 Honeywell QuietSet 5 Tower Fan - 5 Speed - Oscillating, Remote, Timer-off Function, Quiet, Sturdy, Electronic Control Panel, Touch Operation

...

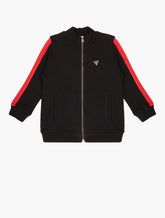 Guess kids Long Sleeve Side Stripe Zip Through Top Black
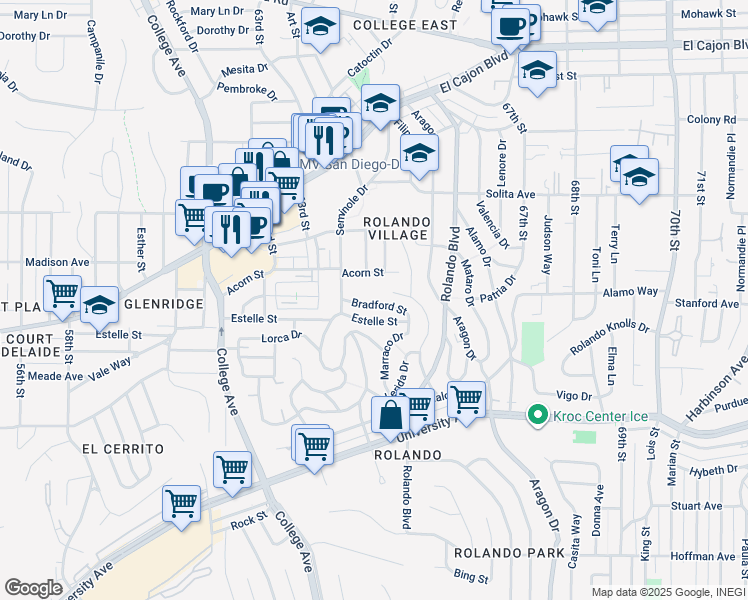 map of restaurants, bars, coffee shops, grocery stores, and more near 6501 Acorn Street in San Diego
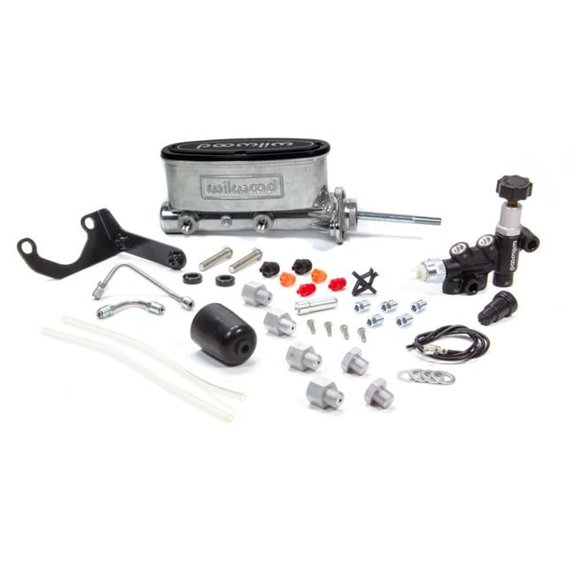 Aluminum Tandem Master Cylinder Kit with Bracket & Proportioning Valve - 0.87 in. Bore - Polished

Prompt — Although pictures appear among the records above, none are to be output; print exactly the lines from the line containing "Guess kids Long" through the line containing "Aluminum Tandem Master".

Written response —
 Guess kids Long Sleeve Side Stripe Zip Through Top Black
 map of restaurants, bars, coffee shops, grocery stores, and more near 6501 Acorn Street in San Diego
 Aluminum Tandem Master Cylinder Kit with Bracket & Proportioning Valve - 0.87 in. Bore - Polished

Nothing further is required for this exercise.